Like Modi, Tughlaq took a major gamble with the currency in his kingdom. Unfortunately for the ruler, that move was a disaster, leading to a weakening of his sultanate.

Fragile monetary system

If anything, the chaos in India following the announcement of the demonetisation policy points to just how incredibly fragile the modern monetary system is. What was wealth at one moment, became, through the decision of a single man, worthless pieces of paper.

The move starkly shows that paper money in itself has no value. Modern paper or plastic currency, called fiat money, has worth only because a sovereign government says so. If this system seems odd, you would not be wrong to think so given how new it is.

Once humans moved beyond the barter system, people mostly used coins, usually made of precious metals like gold and silver, as currency. This system is known as commodity money.

Since the metal in the coin itself had value, it was a rather stable system. However, it was stymied by shortages of precious metals.

At some point in the seventh century, the Chinese invented modern-style paper money based on a system of conversion that allowed paper notes to be exchanged for gold, silver or silk. Called representative money, the system was so radical it took Europe another 1,000 years to use it.

However, Tughlaq was the one sovereign who managed to implement this Chinese idea before the West.

As the Sultan of Delhi, he ruled over northern parts of the Indian subcontinent and the Deccan.
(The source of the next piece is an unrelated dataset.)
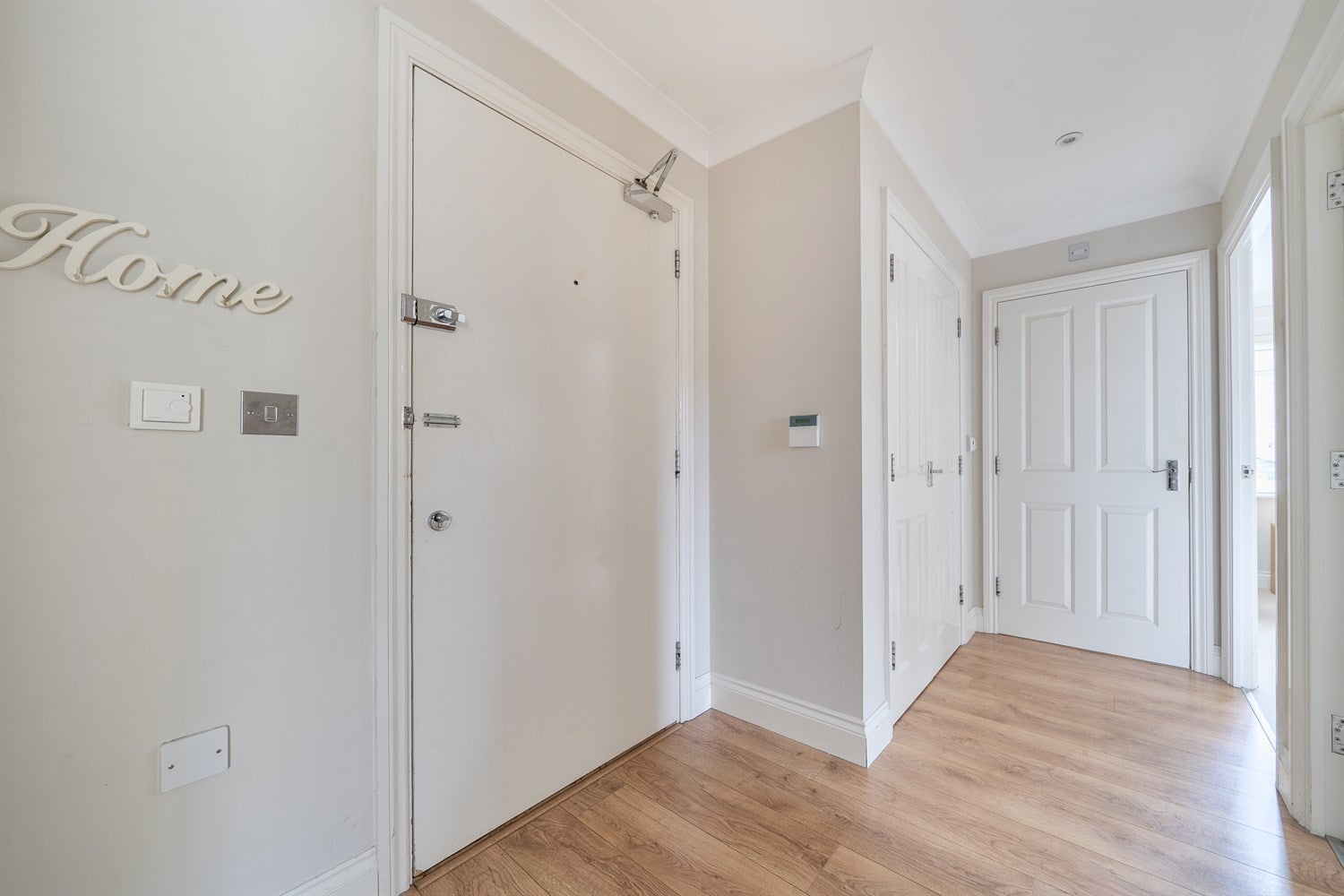 Flat Elm Grove in Horsham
After he moved his capital to Daulatabad, in 1329, Tughlaq introduced representative or token money. These were coins of copper and brass that could be exchanged for fixed amounts of gold and silver from the Delhi Sultanate.

Called a tanka – a name that would later give rise to the Bengali word for currency, taakaa – the new coins were aimed at financing the sultanate’s war operations, which stretched dangerously across the subcontinent.

Shoddy implementation

Today, the system of representative money has ended for much of the modern world. But till 1971, people could convert$35 for one ounce (28 grams) of gold – this is how representative currency worked.

But when Tughlaq introduced representative money in his kingdom, it was a drastically unfamiliar idea. Only one sovereign outside of China had done it – the 13th century Persian king Gaykhatu. That experiment caused so much chaos that he had to withdraw it within eight days, and he was even assassinated soon after.

While Tughlaq’s move was good in theory, he failed in implementation. Representative currency is a sound idea but it has one weak spot: forgery. Since representative money is worth very little intrinsically and can actually be exchanged for valuable commodities like gold or silver, there is a lot of value in making forgeries. Tughlaq’s tanka, made of brass or copper, could be traded in for valuable gold or silver from the government – a lucrative deal for good forgers.

Forging chaos

Modern governments protect their paper currency against forgers by adding security features such as watermarks to make it difficult for people to counterfeit the notes. In fact, this was one of the reasons initially trotted out by the Union government to justify its demonetisation plan. However, as it turned out, due to poor planning by the government, there was no time to add any new security features.

While this is unfortunate, the Modi government could take solace in the fact that this is not the first time that a government in the Indian subcontinent has badly planned new currency.

Tughlaq’s new tanka was not crafted carefully enough to prevent forgers from replicating it. As word got around, counterfeit tankas started to flood the market. A contemporary historian reported that every house “became a mint”. Soon, there were so many forgeries floating around that it led to hyperinflation, and the tankas became worthless.

To stem the economic chaos, the Tughlaq administration rolled back the tanka and promised to compensate genuine tanka holders with gold and silver. However, the number of fakes were so large that for a number of years, mounds of worthless copper tankas, rejected by the government, remained piled outside the Daulatabad fort.

As could be imagined, the economic chaos was not good for Mohammad Bin Tughlaq, and it was one of the reasons for the dismemberment of his kingdom. By the time Tughlaq died in 1351, key parts of his empire such as Bengal and the Deccan had liberated themselves, and the sultanate was confined to a small area around Delhi and the western parts of current day-Uttar Pradesh.